■ **EXERCISE**: Copy, exactly and without additions, every line in the records below from the one holding "HOT WHEELS MATTEL" through the one holding "Объявление. Office premises", both ends included.

■ **Short descriptive text snippets**:
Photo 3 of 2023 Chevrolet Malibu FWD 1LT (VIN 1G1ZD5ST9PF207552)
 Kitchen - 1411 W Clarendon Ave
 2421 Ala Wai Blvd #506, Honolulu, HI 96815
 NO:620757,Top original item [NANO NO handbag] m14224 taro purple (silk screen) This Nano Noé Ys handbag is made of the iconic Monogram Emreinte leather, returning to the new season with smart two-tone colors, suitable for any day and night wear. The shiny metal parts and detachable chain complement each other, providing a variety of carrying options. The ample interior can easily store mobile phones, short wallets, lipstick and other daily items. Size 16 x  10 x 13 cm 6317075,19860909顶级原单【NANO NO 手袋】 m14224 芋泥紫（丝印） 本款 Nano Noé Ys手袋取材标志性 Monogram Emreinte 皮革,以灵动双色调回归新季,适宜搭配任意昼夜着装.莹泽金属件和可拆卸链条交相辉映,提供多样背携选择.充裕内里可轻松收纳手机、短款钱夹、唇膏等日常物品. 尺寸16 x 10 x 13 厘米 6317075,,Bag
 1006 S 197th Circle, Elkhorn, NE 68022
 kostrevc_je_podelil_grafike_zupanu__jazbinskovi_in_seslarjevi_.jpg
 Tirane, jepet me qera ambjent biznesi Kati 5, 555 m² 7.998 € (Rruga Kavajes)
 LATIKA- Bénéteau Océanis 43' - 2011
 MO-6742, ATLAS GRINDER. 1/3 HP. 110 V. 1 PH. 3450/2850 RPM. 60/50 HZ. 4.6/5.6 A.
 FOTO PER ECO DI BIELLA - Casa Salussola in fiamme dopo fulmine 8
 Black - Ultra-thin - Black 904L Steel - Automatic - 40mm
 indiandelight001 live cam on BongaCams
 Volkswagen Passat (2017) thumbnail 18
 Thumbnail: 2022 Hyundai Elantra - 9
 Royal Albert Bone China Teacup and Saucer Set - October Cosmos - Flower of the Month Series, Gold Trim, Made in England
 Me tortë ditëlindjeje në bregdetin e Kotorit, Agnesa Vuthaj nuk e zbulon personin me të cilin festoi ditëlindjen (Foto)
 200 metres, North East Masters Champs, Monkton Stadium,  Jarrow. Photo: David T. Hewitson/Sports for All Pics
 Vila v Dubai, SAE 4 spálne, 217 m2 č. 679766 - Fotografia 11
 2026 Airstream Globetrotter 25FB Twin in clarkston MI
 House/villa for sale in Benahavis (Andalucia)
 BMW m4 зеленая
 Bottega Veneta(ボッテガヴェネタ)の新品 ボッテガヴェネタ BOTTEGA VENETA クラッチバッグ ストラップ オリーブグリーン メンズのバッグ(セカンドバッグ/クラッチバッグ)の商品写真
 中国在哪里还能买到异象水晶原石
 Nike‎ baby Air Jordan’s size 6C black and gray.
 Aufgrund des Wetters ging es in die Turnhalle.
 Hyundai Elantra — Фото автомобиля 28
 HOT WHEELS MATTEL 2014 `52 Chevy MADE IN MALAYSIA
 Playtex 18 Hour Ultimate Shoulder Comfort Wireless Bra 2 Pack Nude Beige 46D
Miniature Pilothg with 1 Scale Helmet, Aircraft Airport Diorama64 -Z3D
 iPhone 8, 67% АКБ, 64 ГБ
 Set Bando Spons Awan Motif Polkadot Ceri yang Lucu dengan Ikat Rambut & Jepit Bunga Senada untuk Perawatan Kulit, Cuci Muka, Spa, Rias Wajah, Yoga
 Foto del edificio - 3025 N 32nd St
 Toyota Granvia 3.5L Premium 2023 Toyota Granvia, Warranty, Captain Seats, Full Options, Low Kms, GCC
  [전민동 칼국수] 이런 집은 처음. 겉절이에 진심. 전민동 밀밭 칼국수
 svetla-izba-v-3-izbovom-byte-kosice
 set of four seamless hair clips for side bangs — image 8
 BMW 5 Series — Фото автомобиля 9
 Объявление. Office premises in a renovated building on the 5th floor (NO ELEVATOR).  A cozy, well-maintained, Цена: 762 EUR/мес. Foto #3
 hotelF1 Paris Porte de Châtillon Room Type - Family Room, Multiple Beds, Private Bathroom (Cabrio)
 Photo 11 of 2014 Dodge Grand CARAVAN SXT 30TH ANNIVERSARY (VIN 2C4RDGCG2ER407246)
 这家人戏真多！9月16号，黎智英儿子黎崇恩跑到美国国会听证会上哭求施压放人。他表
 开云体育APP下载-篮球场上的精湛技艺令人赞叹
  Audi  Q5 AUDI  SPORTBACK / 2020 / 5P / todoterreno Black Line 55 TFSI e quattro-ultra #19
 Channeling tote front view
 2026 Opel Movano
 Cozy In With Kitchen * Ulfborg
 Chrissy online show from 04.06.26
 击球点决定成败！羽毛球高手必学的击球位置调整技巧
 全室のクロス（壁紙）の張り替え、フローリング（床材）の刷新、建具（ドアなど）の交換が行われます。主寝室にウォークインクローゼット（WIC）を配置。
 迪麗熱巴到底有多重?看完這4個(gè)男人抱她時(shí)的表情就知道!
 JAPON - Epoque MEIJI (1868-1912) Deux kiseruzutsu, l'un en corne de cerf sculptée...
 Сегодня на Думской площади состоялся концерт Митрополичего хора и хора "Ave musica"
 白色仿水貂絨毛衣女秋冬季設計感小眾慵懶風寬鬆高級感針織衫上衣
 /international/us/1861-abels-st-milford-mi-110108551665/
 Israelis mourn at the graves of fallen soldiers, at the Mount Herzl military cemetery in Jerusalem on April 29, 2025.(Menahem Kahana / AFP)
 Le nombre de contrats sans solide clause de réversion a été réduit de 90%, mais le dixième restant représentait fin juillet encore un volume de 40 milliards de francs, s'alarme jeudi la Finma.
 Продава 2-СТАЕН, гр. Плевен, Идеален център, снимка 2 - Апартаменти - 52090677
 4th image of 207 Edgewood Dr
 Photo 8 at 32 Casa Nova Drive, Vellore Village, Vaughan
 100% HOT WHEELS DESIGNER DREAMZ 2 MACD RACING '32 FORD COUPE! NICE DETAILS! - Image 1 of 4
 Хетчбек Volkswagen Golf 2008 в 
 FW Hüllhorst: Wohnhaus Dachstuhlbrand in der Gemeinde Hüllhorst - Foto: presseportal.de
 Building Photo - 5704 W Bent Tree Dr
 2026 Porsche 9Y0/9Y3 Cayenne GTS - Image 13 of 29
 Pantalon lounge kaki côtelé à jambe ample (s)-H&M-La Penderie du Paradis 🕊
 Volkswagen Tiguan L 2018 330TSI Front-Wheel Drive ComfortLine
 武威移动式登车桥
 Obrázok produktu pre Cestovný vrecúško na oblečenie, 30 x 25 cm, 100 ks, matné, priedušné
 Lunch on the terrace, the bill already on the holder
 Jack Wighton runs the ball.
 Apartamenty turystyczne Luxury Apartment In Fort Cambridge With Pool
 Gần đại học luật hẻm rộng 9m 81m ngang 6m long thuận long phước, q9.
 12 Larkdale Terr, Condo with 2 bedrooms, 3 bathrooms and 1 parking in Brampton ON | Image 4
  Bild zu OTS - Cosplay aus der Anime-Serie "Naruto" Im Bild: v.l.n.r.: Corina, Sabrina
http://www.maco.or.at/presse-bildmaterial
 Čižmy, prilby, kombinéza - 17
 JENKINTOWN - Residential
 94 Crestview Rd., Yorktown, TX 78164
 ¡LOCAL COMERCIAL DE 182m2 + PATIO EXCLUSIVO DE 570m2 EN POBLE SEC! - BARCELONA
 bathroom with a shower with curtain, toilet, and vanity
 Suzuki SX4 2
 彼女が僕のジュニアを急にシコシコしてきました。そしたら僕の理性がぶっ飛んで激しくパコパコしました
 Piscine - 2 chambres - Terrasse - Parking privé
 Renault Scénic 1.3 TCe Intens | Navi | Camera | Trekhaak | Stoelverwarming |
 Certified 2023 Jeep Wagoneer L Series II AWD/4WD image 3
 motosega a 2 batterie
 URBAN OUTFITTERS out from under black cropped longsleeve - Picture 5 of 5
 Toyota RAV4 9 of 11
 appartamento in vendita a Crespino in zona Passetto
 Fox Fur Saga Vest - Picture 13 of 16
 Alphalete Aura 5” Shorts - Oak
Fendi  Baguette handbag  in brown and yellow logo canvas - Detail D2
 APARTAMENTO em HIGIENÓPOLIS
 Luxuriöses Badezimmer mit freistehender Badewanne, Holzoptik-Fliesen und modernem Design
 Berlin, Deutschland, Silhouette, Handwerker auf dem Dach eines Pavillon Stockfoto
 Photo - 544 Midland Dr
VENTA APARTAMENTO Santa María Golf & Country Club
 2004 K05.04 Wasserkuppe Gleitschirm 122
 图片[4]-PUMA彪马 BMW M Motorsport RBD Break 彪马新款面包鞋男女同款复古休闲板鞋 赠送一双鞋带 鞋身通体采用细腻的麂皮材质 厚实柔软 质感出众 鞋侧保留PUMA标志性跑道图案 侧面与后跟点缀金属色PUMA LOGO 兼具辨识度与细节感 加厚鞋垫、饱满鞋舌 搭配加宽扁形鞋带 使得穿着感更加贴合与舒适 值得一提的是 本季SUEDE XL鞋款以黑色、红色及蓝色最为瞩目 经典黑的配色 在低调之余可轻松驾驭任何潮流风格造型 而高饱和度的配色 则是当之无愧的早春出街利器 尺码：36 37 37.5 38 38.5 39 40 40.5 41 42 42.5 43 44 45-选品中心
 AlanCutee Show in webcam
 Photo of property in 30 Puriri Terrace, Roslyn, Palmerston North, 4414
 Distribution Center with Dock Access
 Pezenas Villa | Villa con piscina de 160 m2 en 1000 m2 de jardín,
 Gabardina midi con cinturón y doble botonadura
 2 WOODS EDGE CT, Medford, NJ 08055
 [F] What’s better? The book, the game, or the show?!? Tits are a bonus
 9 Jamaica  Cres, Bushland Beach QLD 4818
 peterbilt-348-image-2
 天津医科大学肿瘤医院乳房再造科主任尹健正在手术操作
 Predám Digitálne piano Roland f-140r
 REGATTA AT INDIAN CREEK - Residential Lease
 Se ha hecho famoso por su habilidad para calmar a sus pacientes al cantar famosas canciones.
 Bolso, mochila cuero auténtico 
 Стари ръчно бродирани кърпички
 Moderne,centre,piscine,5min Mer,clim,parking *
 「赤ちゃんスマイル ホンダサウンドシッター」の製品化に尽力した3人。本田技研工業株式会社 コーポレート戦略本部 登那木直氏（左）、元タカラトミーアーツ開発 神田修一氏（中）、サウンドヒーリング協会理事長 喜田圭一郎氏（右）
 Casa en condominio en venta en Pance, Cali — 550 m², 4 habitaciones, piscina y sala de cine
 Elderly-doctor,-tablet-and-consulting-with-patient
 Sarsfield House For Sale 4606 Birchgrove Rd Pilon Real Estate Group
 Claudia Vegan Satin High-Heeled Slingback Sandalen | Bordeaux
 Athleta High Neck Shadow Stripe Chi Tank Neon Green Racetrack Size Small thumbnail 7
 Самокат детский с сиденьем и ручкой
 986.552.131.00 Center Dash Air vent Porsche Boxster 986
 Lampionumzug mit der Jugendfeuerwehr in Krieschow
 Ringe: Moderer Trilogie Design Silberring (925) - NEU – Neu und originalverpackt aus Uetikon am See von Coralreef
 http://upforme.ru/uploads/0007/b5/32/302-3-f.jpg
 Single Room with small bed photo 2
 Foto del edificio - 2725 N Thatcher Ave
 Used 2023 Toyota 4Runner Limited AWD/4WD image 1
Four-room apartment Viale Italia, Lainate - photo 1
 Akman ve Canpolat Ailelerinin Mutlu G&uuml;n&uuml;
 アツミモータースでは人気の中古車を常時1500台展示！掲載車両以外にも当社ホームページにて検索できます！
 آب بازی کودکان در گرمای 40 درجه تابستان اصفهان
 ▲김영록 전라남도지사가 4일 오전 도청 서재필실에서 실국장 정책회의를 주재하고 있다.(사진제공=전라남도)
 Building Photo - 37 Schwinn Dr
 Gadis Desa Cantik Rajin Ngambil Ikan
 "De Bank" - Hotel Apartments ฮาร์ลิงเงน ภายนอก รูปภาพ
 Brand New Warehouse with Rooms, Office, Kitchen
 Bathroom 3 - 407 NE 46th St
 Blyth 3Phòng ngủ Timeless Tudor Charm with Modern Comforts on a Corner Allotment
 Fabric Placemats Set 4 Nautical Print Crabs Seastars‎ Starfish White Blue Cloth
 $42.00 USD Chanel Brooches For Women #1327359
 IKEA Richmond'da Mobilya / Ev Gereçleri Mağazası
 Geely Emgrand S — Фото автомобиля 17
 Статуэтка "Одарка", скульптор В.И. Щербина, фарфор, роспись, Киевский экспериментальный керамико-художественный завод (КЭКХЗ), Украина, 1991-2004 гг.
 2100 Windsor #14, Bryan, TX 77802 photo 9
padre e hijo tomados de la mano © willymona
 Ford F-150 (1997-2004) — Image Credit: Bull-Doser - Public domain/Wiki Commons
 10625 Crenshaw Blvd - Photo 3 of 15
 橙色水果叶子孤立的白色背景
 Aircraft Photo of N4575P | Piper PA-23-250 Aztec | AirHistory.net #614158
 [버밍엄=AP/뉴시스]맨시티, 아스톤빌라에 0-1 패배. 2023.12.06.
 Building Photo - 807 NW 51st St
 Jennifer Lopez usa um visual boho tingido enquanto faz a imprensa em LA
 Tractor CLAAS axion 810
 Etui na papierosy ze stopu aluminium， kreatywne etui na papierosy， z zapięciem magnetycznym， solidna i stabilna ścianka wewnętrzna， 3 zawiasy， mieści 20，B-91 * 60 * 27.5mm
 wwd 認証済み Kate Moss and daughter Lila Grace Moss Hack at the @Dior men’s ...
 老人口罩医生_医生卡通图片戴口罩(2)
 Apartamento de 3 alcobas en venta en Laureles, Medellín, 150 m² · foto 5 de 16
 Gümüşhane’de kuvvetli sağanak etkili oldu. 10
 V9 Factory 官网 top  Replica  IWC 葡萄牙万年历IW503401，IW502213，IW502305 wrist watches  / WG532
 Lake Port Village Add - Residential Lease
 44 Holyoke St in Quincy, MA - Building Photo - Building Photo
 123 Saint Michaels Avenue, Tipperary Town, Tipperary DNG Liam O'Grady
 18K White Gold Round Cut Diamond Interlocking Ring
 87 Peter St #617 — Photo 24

■ **WRITTEN REPLY**:
 HOT WHEELS MATTEL 2014 `52 Chevy MADE IN MALAYSIA
 Playtex 18 Hour Ultimate Shoulder Comfort Wireless Bra 2 Pack Nude Beige 46D
Miniature Pilothg with 1 Scale Helmet, Aircraft Airport Diorama64 -Z3D
 iPhone 8, 67% АКБ, 64 ГБ
 Set Bando Spons Awan Motif Polkadot Ceri yang Lucu dengan Ikat Rambut & Jepit Bunga Senada untuk Perawatan Kulit, Cuci Muka, Spa, Rias Wajah, Yoga
 Foto del edificio - 3025 N 32nd St
 Toyota Granvia 3.5L Premium 2023 Toyota Granvia, Warranty, Captain Seats, Full Options, Low Kms, GCC
  [전민동 칼국수] 이런 집은 처음. 겉절이에 진심. 전민동 밀밭 칼국수
 svetla-izba-v-3-izbovom-byte-kosice
 set of four seamless hair clips for side bangs — image 8
 BMW 5 Series — Фото автомобиля 9
 Объявление. Office premises in a renovated building on the 5th floor (NO ELEVATOR).  A cozy, well-maintained, Цена: 762 EUR/мес. Foto #3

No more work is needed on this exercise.